■ **Required work**
Given the material below, output exactly the lines from the line with "Este es el PEOR" to the line with "Immunocytochemistry of DDX3", both ends included, and no other lines.

■ **Available data**

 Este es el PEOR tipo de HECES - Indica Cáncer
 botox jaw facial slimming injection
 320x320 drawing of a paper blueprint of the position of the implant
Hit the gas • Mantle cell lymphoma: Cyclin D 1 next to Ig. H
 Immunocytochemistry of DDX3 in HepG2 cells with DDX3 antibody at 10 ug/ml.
==
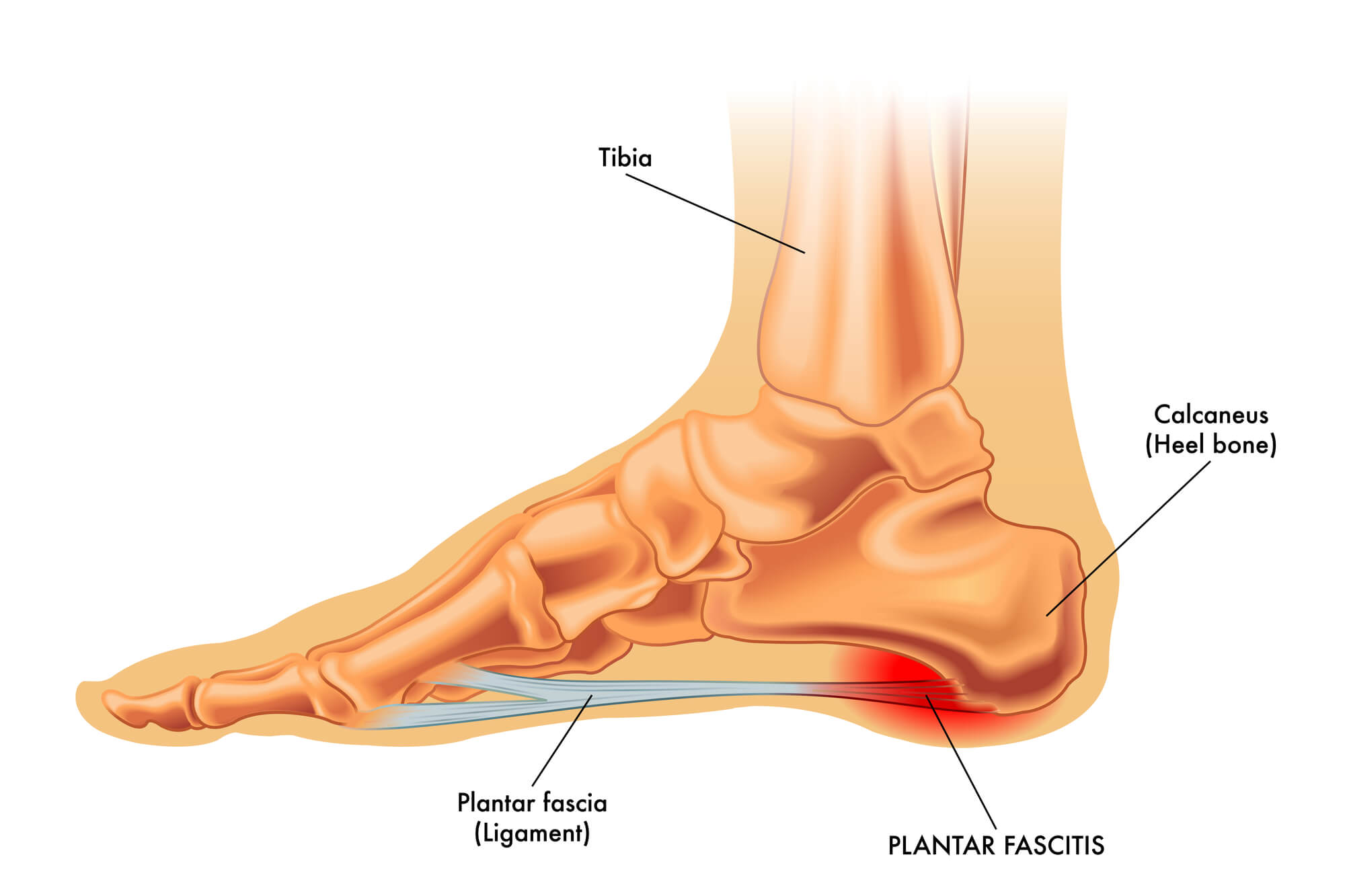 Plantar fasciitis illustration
==
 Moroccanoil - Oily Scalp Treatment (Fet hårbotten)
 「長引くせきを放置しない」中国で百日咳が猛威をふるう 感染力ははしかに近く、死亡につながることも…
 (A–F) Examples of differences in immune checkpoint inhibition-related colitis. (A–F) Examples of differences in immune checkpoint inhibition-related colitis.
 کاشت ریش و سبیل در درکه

■ **Response to this task**
 Este es el PEOR tipo de HECES - Indica Cáncer
 botox jaw facial slimming injection
 320x320 drawing of a paper blueprint of the position of the implant
Hit the gas • Mantle cell lymphoma: Cyclin D 1 next to Ig. H
 Immunocytochemistry of DDX3 in HepG2 cells with DDX3 antibody at 10 ug/ml.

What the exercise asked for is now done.